What you should do - Would you go through the records below and copy each line with the string "Audi"?

Exercise input -
-- -- --

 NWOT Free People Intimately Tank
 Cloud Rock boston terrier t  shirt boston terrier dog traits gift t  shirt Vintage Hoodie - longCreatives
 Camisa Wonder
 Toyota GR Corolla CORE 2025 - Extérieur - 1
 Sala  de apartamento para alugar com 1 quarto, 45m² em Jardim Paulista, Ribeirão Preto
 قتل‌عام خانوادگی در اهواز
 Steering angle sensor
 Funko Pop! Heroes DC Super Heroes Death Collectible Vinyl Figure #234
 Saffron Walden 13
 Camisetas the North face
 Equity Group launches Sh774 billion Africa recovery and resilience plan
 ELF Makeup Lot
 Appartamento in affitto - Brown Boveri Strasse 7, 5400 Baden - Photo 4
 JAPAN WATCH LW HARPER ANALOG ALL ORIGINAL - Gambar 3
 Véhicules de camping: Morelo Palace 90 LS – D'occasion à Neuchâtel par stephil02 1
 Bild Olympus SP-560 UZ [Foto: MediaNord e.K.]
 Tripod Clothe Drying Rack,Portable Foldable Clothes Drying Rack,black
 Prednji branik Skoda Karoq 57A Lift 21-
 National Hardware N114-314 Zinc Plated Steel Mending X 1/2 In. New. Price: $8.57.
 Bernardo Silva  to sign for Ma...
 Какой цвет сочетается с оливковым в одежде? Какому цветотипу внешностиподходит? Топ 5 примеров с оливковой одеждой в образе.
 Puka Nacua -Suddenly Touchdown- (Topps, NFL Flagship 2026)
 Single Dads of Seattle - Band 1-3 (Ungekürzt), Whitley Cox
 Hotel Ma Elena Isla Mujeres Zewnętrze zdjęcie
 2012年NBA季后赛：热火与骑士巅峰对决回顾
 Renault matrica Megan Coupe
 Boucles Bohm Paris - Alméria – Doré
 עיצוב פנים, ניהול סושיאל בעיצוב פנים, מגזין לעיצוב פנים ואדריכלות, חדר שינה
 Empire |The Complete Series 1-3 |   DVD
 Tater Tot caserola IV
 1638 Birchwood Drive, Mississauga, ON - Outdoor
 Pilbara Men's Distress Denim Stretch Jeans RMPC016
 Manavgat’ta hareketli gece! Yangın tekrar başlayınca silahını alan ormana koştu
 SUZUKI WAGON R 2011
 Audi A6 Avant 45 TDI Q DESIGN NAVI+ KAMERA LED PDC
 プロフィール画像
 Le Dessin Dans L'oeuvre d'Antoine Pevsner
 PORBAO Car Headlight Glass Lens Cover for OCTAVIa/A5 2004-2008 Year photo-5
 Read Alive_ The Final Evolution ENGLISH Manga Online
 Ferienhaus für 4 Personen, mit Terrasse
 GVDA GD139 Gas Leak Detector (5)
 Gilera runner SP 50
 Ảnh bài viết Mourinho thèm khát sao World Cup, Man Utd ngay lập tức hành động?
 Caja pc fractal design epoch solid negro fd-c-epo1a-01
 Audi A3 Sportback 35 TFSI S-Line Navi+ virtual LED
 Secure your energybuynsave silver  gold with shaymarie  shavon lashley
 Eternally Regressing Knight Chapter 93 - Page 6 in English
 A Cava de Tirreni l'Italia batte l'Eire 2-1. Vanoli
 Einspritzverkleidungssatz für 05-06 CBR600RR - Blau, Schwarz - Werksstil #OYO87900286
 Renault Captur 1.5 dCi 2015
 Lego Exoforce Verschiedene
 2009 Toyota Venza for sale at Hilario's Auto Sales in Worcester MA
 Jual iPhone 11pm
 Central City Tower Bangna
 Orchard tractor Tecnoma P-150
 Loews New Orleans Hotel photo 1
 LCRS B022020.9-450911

-- -- --

Solution to this task -
 Audi A6 Avant 45 TDI Q DESIGN NAVI+ KAMERA LED PDC
 Audi A3 Sportback 35 TFSI S-Line Navi+ virtual LED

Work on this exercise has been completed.